TCP: Transmission Control Protocol. The most common transport layer protocol used on the Internet. This connection-oriented protocol is built on top of IP (page 1038) and is nearly always seen in the combination TCP/IP (TCP over IP). TCP adds reliable communication, sequencing, and flow control and provides full-duplex, process-to-process connections. UDP (page 1061), although connectionless, is the other protocol that runs on top of IP.^FOLDOC

tera-: In the binary system, the prefix tera- multiplies by 2⁴⁰ (1,099,511,627,776). Terabyte is a common use of this prefix. Abbreviated as T. See also large number on page 1040.

termcap: Terminal capability. The /etc/termcap file contains a list of various types of terminals and their characteristics. System V replaced the function of this file with the terminfo system.

terminal: Differentiated from a workstation (page 1064) by its lack of intelligence, a terminal connects to a computer that runs Linux. A workstation runs Linux on itself.

terminfo: Terminal information. The /usr/lib/terminfo directory contains many subdirectories, each containing several files. Each of those files is named for and holds a summary of the functional characteristics of a particular terminal. Visually oriented textual programs, such as vim, use these files. An alternative to the termcap file.

text box: In a GUI, a box you can type in.

theme: Defined as an implicit or recurrent idea, theme is used in a GUI to describe a look that is consistent for all elements of a desktop. Go to themes.freshmeat.net for examples.

thicknet: A type of coaxial cable (thick) used for an Ethernet network. Devices are attached to thicknet by tapping the cable at fixed points.

thinnet: A type of coaxial cable (thin) used for an Ethernet network. Thinnet cable is smaller in diameter and more flexible than thicknet cable. Each device is typically attached to two separate cable segments by using a T-shaped connector; one segment leads to the device ahead of it on the network and one to the device that follows it.

thread-safe: See reentrant on page 1051.

thumb: The movable button in the scrollbar that positions the image in the window. The size of the thumb reflects the amount of information in the buffer. Also bubble.

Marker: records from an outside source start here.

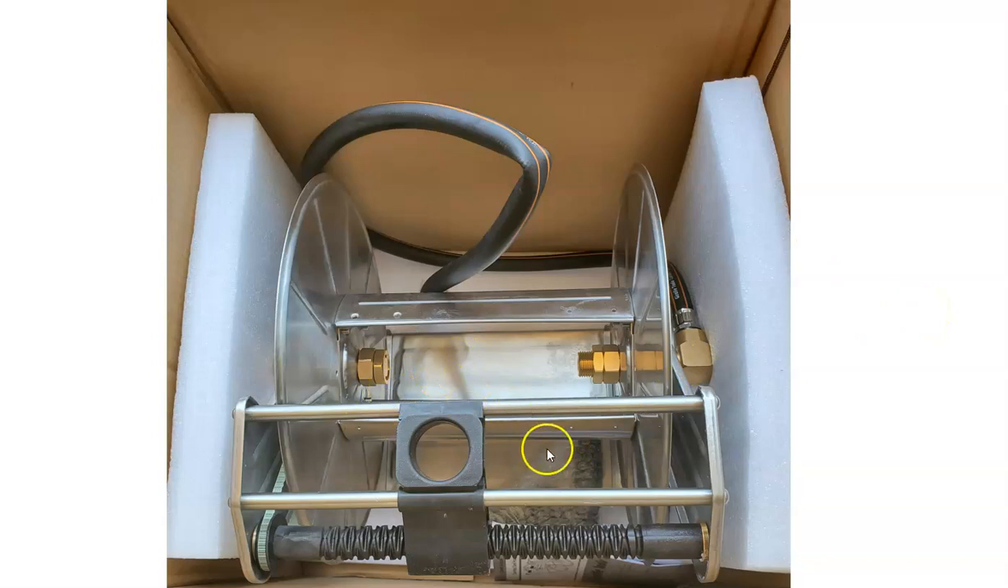First I'm going to show you what it looked like after I removed all the packaging material. It was extremely well packaged — I had to go through several layers of foam to get to this point. When I ordered it, they told me it would be a three-to-seven day delivery and I received it in three days, so their shipping department is on top of it.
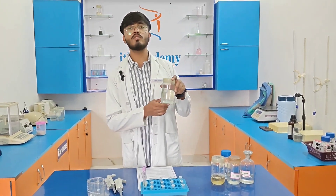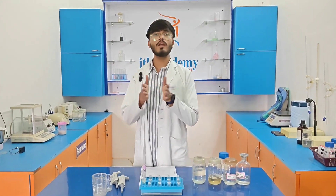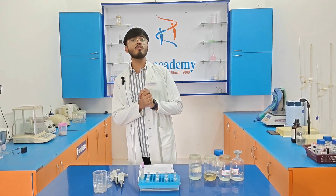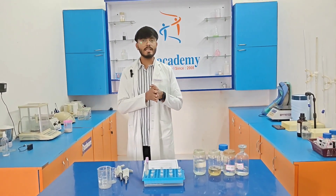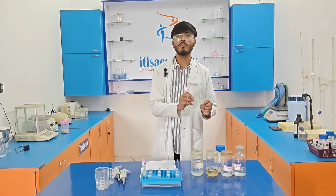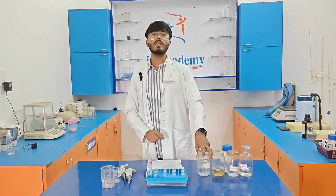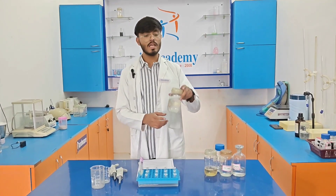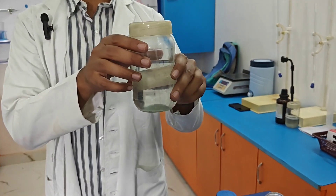We prepare this protease buffer solution in 50 ml, dividing it into 25 ml and 25 ml. First, we dissolve the solutes in 25 ml of distilled water and maintain the pH at 8, then add the remaining 25 ml of distilled water to give 50 ml of protease buffer solution.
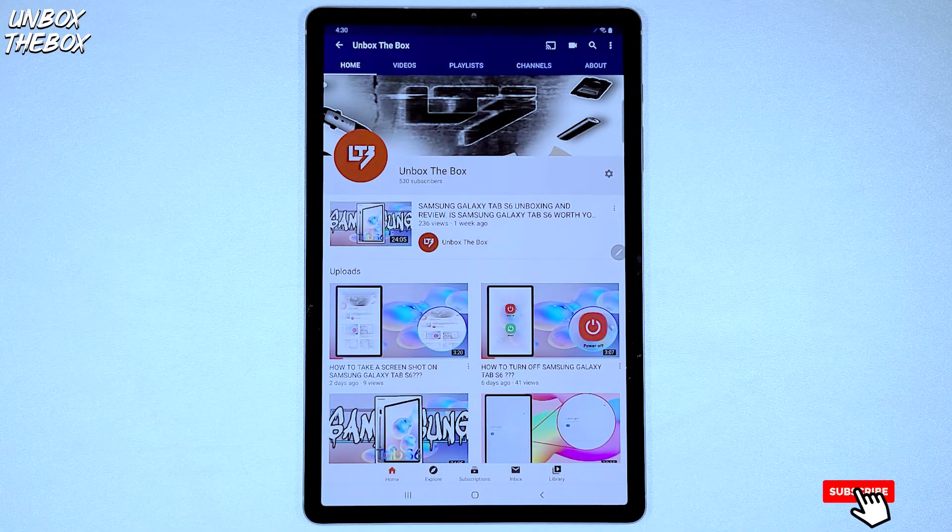How to split a screen on Samsung Galaxy Tab S6 — a lot of you might ask, what does that mean? Do you take a knife and cut your tablet in two? Or do you simply break the tablet in half?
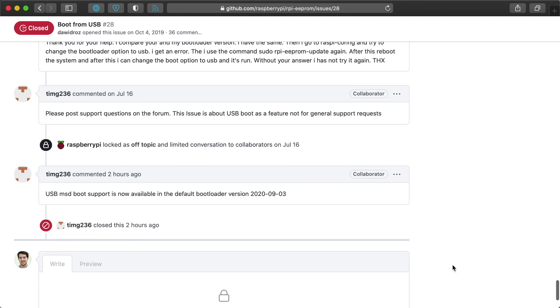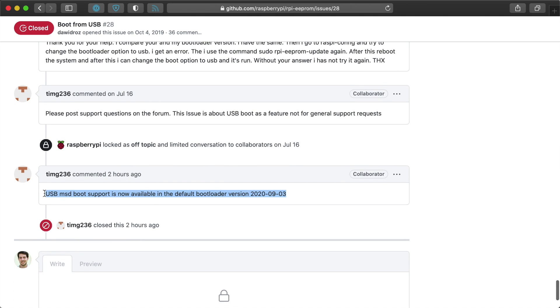That was unceremoniously announced in a GitHub comment by timg236 earlier today. But why is this news? I've already showed you before how I boot my own Pi 4s from USB drives for better performance and stability, and there's a video linked in the description showing how I did it months ago. Well, the big news is the Raspberry Pi engineers are indicating the feature is now stable enough to be released to everyone, and the next time you update your Raspberry Pi's firmware, USB booting will be supported out of the box without having to make any changes to the Pi's EEPROM firmware.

TIFF: Tagged Image File Format. A file format used for still-image bitmaps, stored in tagged fields. Application programs can use the tags to accept or ignore fields, depending on their capabilities.^FOLDOC

tiled windows: An arrangement of windows such that no window overlaps another. The opposite of cascading windows (page 1023).

time to live: See TTL.

toggle: To switch between one of two positions. For example, the ftp glob command toggles the glob feature: Give the command once, and it turns the feature on or off; give the command again, and it sets the feature back to its original state.

token: A basic, grammatically indivisible unit of a language, such as a keyword, operator, or identifier.^FOLDOC

token ring: A type of LAN (page 1040) in which computers are attached to a ring of cable. A token packet circulates continuously around the ring. A computer can transmit information only when it holds the token.

tooltip: A minicontext help system that you activate by allowing your mouse pointer to hover (page 1036) over a button, icon, or applet (such as those on a panel).

transient window: A dialog or other window that is displayed for only a short time.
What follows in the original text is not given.